[Data records Boundary: Start]
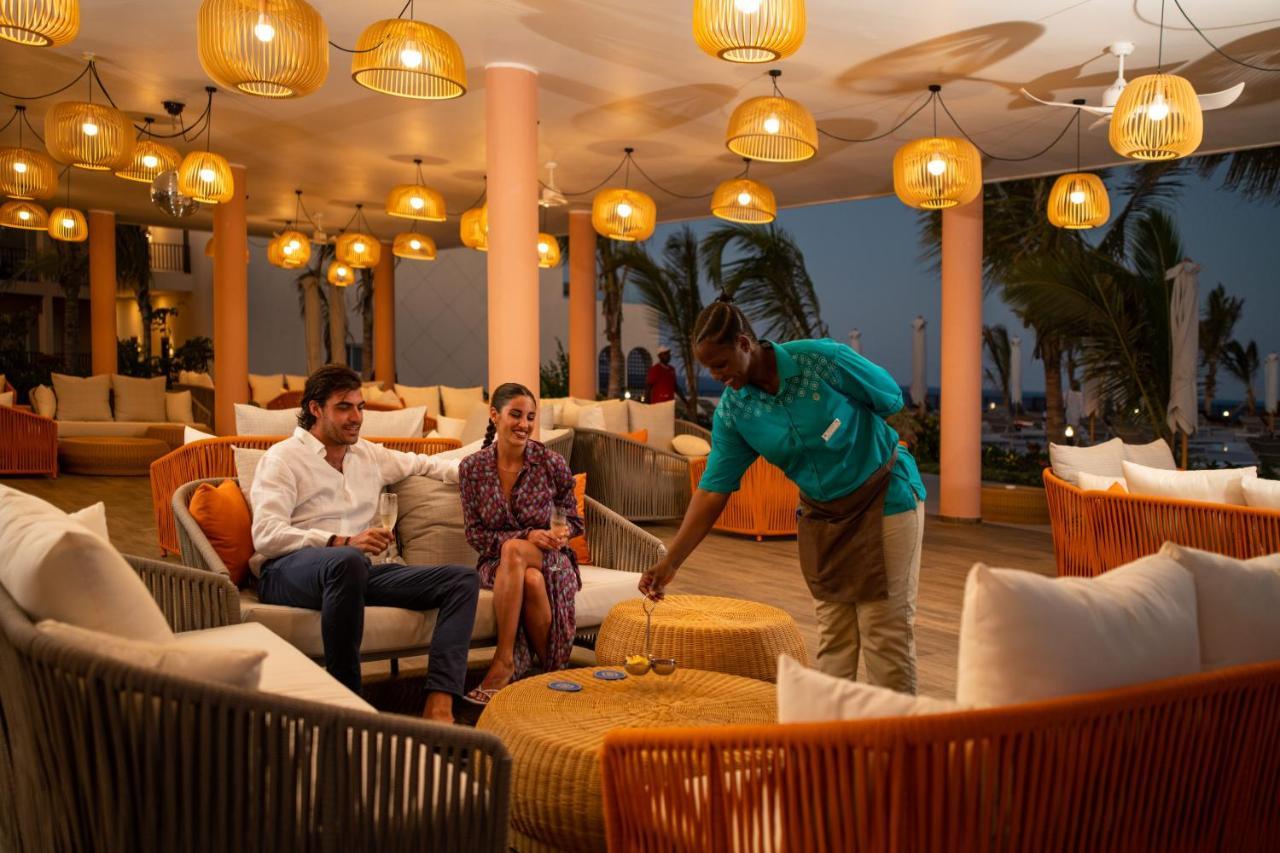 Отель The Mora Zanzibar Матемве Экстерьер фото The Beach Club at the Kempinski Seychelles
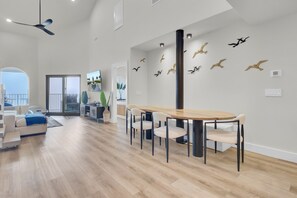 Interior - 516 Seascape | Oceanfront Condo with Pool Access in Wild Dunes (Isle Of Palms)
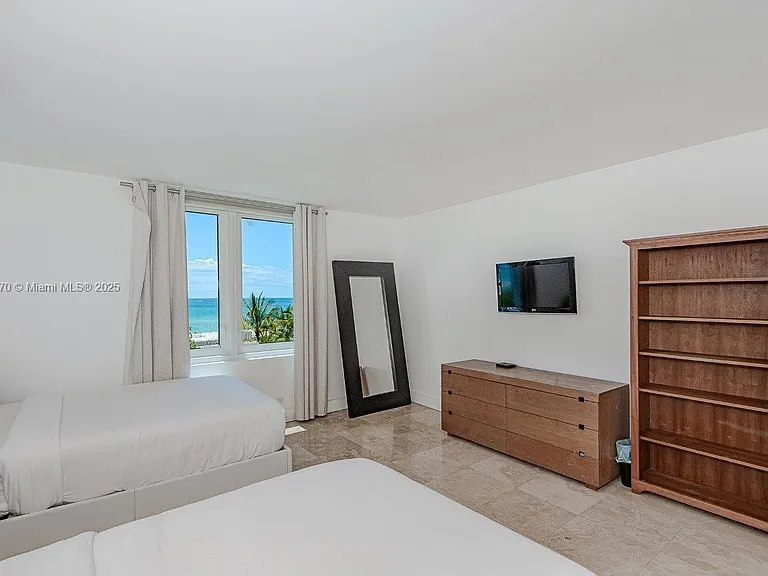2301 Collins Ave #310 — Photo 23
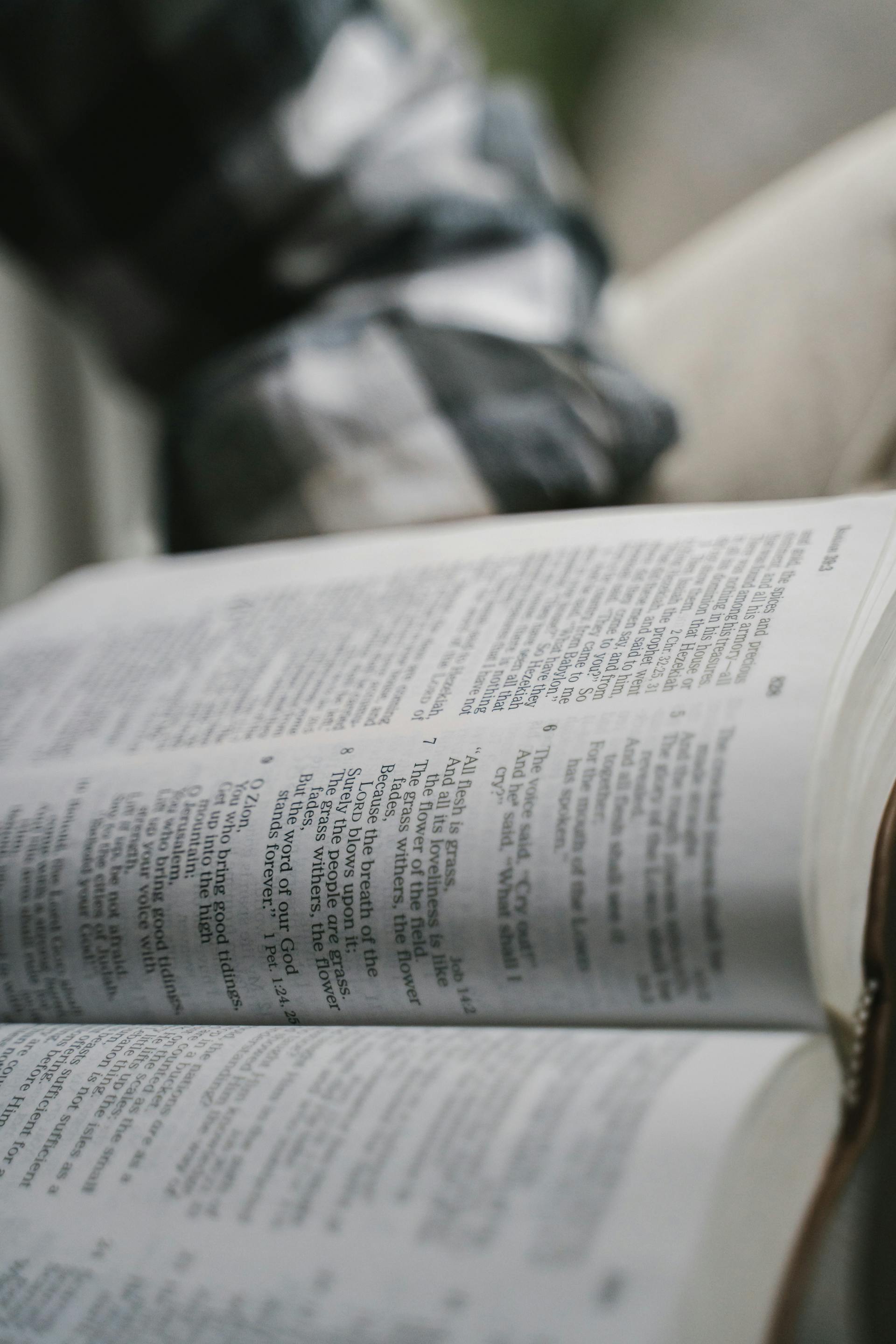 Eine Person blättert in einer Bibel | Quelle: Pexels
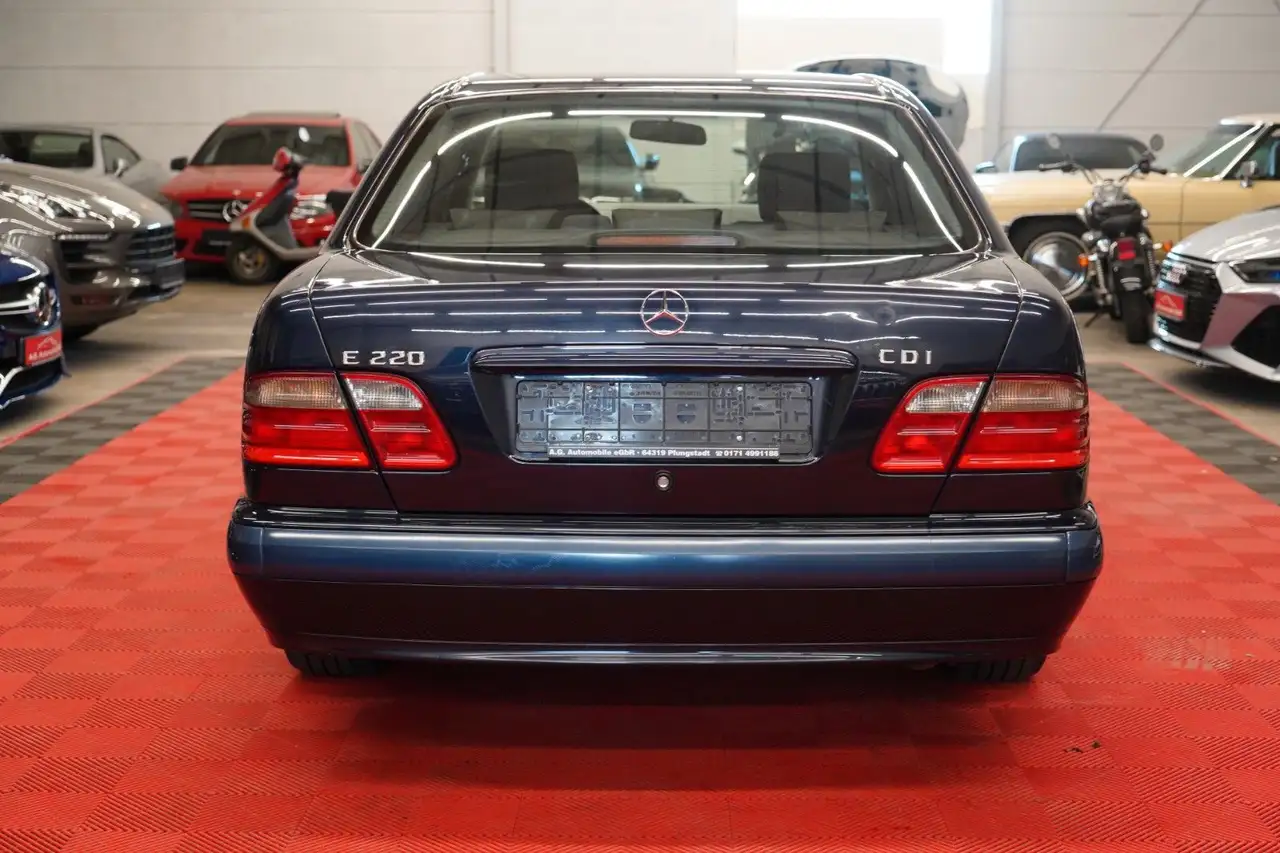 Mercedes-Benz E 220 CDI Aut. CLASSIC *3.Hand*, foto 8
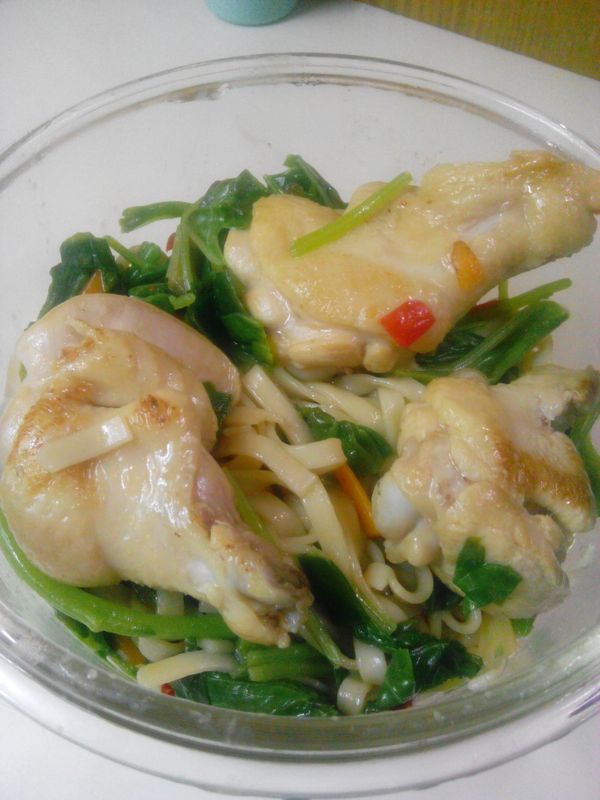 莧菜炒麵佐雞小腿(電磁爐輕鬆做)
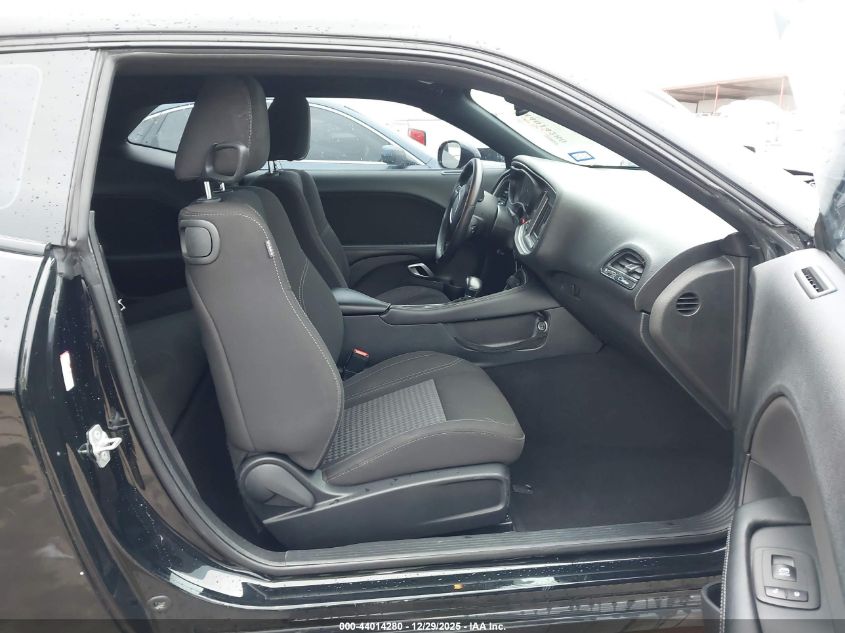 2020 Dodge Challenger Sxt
[Data records Boundary: End]
§ What you have to do: Return exactly the lines from the one with "2301 Collins Ave #310 — Photo 23" through the last line of the entries above, both ends included. No pictures may appear in the copy.

§ Response box:
2301 Collins Ave #310 — Photo 23
 Eine Person blättert in einer Bibel | Quelle: Pexels
 Mercedes-Benz E 220 CDI Aut. CLASSIC *3.Hand*, foto 8
 莧菜炒麵佐雞小腿(電磁爐輕鬆做)
 2020 Dodge Challenger Sxt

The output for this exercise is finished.